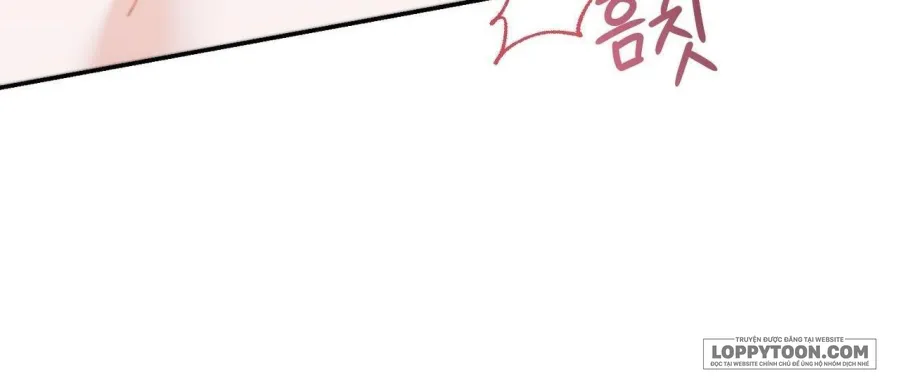 Quốc Lộ Số 1 Chap 22 - 🔞🔞 - trang 7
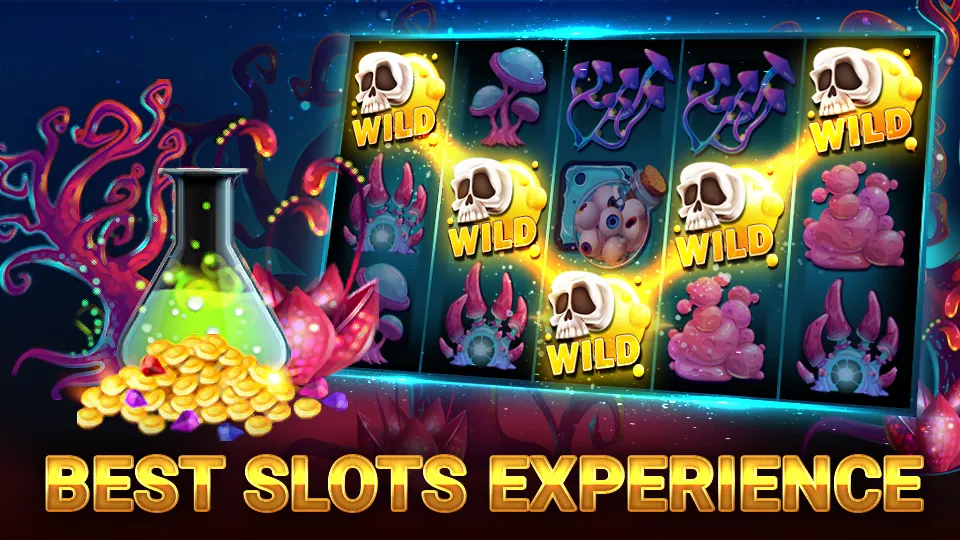 Tin tức game bài poker 365bet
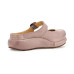 Dansko Kimberly Clogs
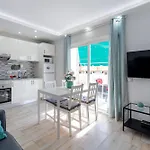 523 Central Playa Las Americas , Wi Fi Gratis Y Piscina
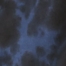 BLUE TIE DYE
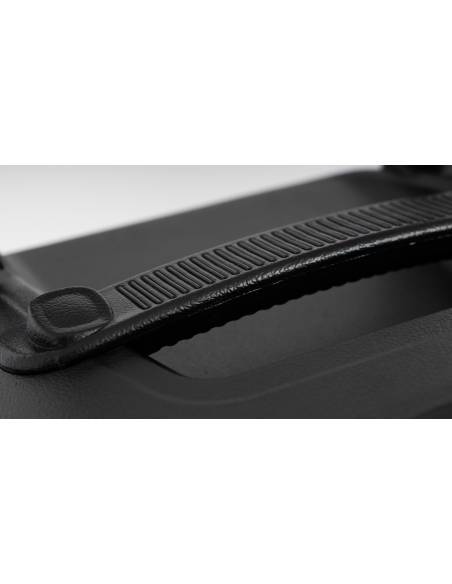 FONESTAR  MALIBU-310 - 6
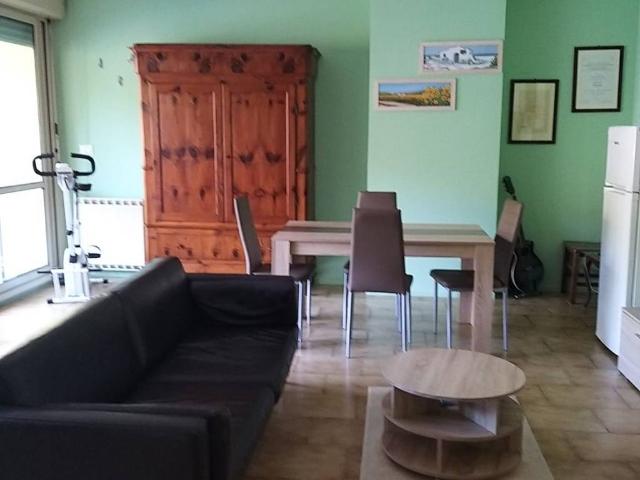 Appartamento in vendita a Ravenna RA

==================================================

What the exercise asks
Repeat every entry exactly, but leave out the pictures.

Your solution
 Quốc Lộ Số 1 Chap 22 - 🔞🔞 - trang 7
 Tin tức game bài poker 365bet
 Dansko Kimberly Clogs
 523 Central Playa Las Americas , Wi Fi Gratis Y Piscina
 BLUE TIE DYE
 FONESTAR  MALIBU-310 - 6
 Appartamento in vendita a Ravenna RA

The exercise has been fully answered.